=== INFORMATION PROVIDED ===
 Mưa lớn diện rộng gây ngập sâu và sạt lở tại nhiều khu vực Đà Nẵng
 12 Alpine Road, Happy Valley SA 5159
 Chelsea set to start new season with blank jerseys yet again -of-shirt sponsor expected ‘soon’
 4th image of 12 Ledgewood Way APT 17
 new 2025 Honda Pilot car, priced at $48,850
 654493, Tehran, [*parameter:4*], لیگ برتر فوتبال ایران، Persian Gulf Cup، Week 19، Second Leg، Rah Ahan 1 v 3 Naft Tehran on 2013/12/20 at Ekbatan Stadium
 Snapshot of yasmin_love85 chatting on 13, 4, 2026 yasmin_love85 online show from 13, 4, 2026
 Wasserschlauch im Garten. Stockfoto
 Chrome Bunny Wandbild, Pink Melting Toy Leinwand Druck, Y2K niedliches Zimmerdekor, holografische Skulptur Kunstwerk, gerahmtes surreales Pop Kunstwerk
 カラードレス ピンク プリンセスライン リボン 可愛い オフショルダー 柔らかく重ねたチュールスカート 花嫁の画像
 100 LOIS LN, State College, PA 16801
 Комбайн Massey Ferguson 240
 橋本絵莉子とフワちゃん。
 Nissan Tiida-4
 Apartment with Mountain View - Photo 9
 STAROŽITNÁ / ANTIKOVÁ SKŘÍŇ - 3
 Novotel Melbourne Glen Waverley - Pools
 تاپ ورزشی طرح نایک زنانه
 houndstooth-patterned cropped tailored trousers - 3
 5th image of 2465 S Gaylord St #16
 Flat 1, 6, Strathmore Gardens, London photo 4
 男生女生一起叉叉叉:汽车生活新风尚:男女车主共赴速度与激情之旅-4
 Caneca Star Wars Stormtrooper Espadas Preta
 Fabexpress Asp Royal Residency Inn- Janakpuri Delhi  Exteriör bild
===
WHAT IS NEEDED =>
Could you reproduce, exactly as written, the lines running from the one with "Комбайн Massey Ferguson 240" to the end of the entries above?

RESULT FOR THIS TASK =>
 Комбайн Massey Ferguson 240
 橋本絵莉子とフワちゃん。
 Nissan Tiida-4
 Apartment with Mountain View - Photo 9
 STAROŽITNÁ / ANTIKOVÁ SKŘÍŇ - 3
 Novotel Melbourne Glen Waverley - Pools
 تاپ ورزشی طرح نایک زنانه
 houndstooth-patterned cropped tailored trousers - 3
 5th image of 2465 S Gaylord St #16
 Flat 1, 6, Strathmore Gardens, London photo 4
 男生女生一起叉叉叉:汽车生活新风尚:男女车主共赴速度与激情之旅-4
 Caneca Star Wars Stormtrooper Espadas Preta
 Fabexpress Asp Royal Residency Inn- Janakpuri Delhi  Exteriör bild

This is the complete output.